Jensine Larsen started World Pulse in 2004 so that everyone could hear these stories. But simply hearing was not good enough. In 2007, Jensine started Pulsewire - an interactive web site which links women and their stories to one another. For the first time ever, women from around the world have a way to be heard. Ordinary women have become citizen journalists, sitting in internet cafe's and reporting on their lives and realities. They are not stories you hear from the mouths of the well coiffed cuties on FOX/CNN. This is real, pure and empowering truth, and through it women have been able to find real, pure and empowering solutions. Jensine Larsen was just one of the remarkable women I had the honor to meet and listen to at the Muse Conference in Bend, Oregon yesterday.

The conference was the brainchild of Bend resident Amanda Stuermer, a yoga teacher and social activist who was so energized after attending the Women in the World Summit in New York City last year, that she came home and motivated her friends to create their own conference.

After Jensine, the woman Oprah Winfrey says is her, "favorite all time guest," took the stage. As a female child, Dr. Tererai Trent, a native of Zimbabwe, had the audacity to want an education—to simply sit at a desk, raise her hand and ask a question was her dream. But girls were not educated in her village. Why would they be? They would just be married off and leave the community. There was nothing to be gained for those left behind. And that is just what happened to Tererai. At age 11 she was married to an older, abusive man. By age 18 she had given birth to three children. An impossible situation to escape. Yet, Tererai does. She and her family end up in the United States where she raises her children in a trailer without electricity or running water. She works three jobs, and she earns her Bachelors, her Masters and her PhD in Interdisciplinary Evaluation. She is one of those women whose voice sounds like tumbling water, and as is flowed over me I felt cleansed of any notion of can't or shouldn't. Excuses, I understood, are cowardly things.

It was more than just an honor to be a keynote presenter among these women. It felt like I had been invited into a world where hope and vision are true flames, warming the cold air of apathy and indifference.

After the conference, the speakers attended a dinner. There, Tererai leaned into me and said the key to her achieving her dream was to refuse to be a victim. Instead, she said, "I swam to the other side of the river and became a 'conqueror'."

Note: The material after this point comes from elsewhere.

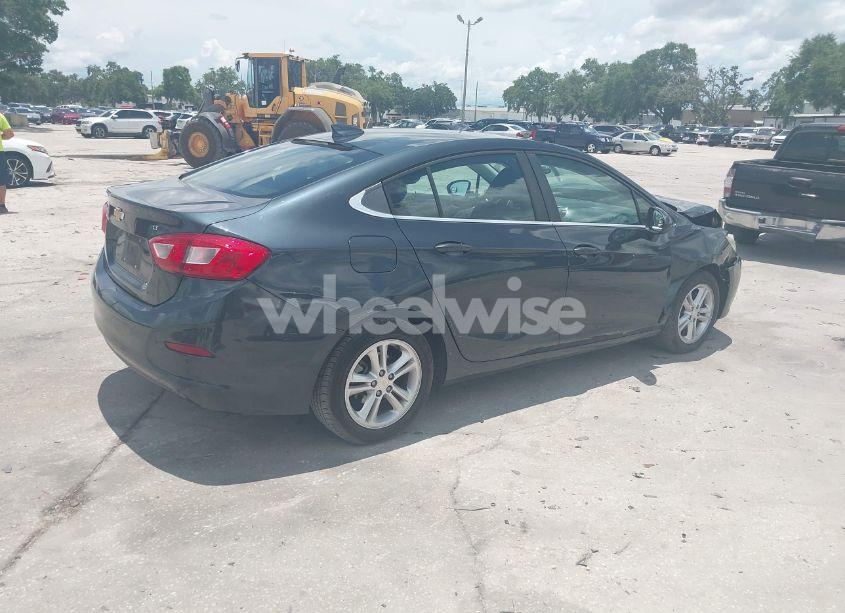 Photo 4 of 2018 Chevrolet Cruze LT AUTO (VIN 1G1BE5SM2J7115773)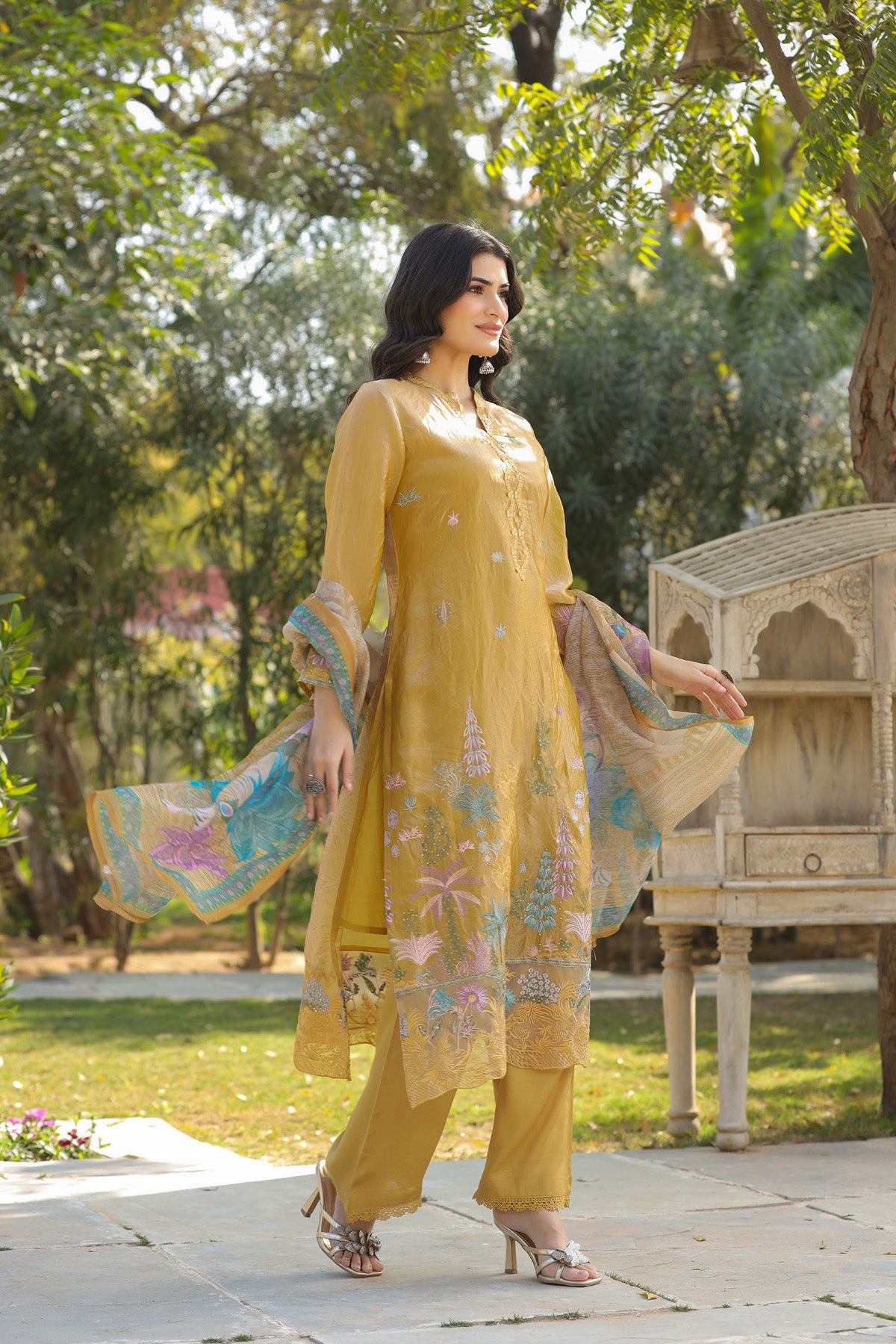 Mustard Organza Embridered Kurta Set With Dupatta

Today, through Oprah Winfrey and Tererai's work, a new school stands where the old "boys" school once stood. There are more teachers, and equipment, and most pleasing to Tererai, girls are sitting at those desks and asking questions. Many of them may one day be writing reports on Pulsewire, reaching out, finding community, defining answers. This is the future. And they, like all the women I met yesterday, are conquerors.